The approved sub list creates a different kind of relationship with your subs. When a sub knows they're your primary — that you call them first, that you prioritize their schedule, that you give them consistent work — they prioritize you back. That's not favoritism. It's a business relationship with mutual benefit. A sub who gets 70% of your volume in their trade has a financial reason to make your schedule work. A sub who gets 15% of your volume in their trade has no incentive to move you up the priority list.
Build the approved list first. Then work to maintain it — remove subs who underperform, add new subs who pass the vetting process, review performance annually. The list is a living document, not a one-time project.
The Pre-Qualification Threshold
Set a minimum score for your approved list using a simple scorecard: licensing and insurance (verified), reference quality (3 recent GCs who'd use you again), documentation capability (can they receive and execute a written scope?), financial stability (can they float 14 days of materials without cash flow pressure?). Score each on 1-5, set a minimum threshold (say, 16 out of 20), and use it consistently. Subs who fall below the threshold stay on the unvetted list. Subs who meet it move up.
The Systematic Vetting Process: Checking References and Insurance the Right Way
Most builders vet subs informally: they call one reference, maybe two, and make a judgment call. The informal approach misses the information that actually predicts reliability. Here's the vetting process that works.
Reference calls: the questions that matter
Ask every reference the same three questions:
- Would you use this sub again without hesitation? (This question matters more than any other — if the answer isn't an immediate yes, probe for why not.)
- How do they handle punch list items after completion? (This reveals whether the sub considers work done when the invoice is sent, or when the client is satisfied.)
- Did they show up on schedule and finish on time? (Probe specifically — "on time" vs. "mostly on time" vs. "they needed extra time" means very different things.)
Call three references. Get answers to all three questions from at least two. If the answers are inconsistent — some references are enthusiastic and some are lukewarm — that's a reliability signal, not noise.
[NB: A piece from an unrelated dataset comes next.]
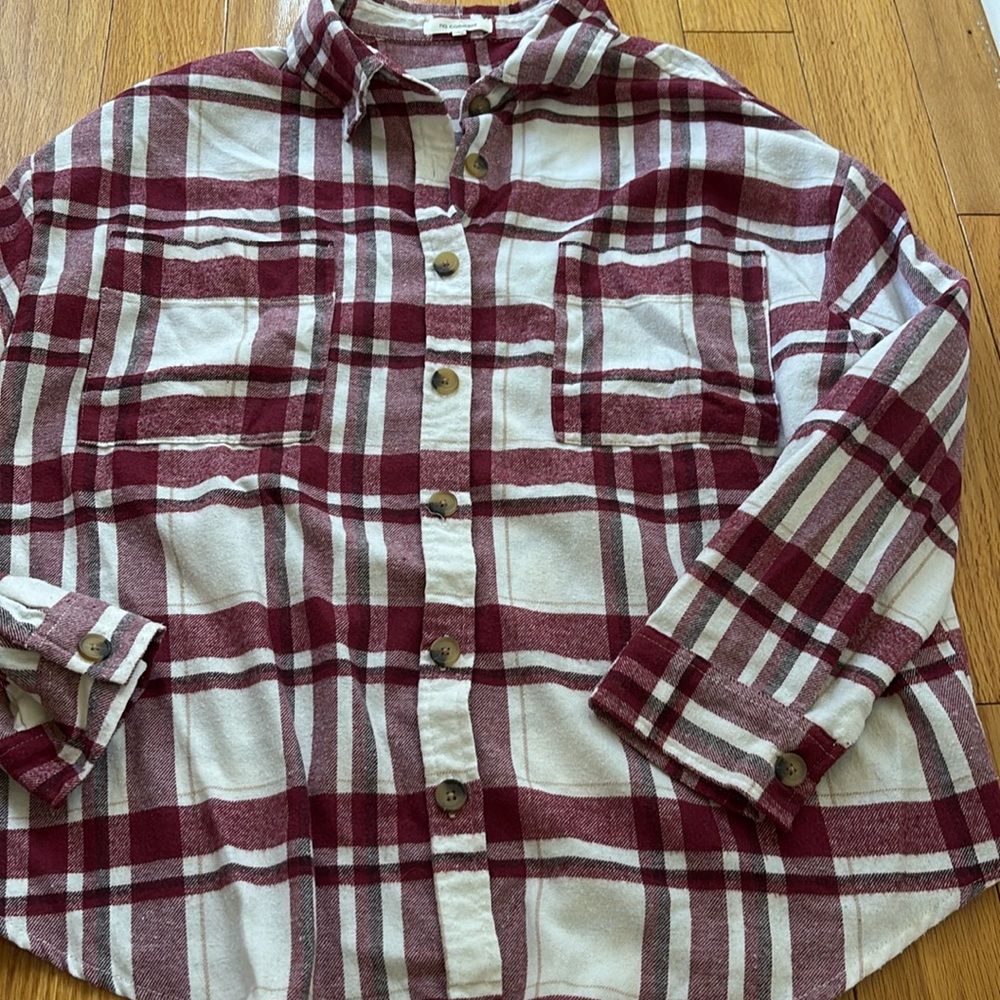 No Comment Juniors sz Large Maroon White Flannel Plaid Button-Up Shirt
Insurance verification: don't accept certificates, verify directly
A certificate of insurance is only as good as the moment it was issued. Subs can let coverage lapse the day after they send you the certificate. Call the insurance carrier directly — it takes 10 minutes — and verify: is coverage current? What are the coverage amounts? Is your company listed as additional insured? If the coverage isn't current or isn't sufficient, the sub doesn't mobilize until it is.
Check licensing status with the state
In most states, license status is searchable online. Verify the sub's license is current and in good standing. A revoked or suspended license is disqualifying. A lapsed license means they've been working without the credential that qualifies them to do the work.
Work sample review
Ask for 2-3 completed projects in the last 12 months — ideally similar in scope to the work you need done. Drive to one of them. Walk it. Look at the finish quality. Talk to the GC if they're available. Seeing work in person tells you more than any reference call.
The full vetting process takes about 2-3 hours per new sub. That's 2-3 hours that filters out the subs who would have cost you 20-40 hours in reactive problem-solving over the next year. The investment is worth it.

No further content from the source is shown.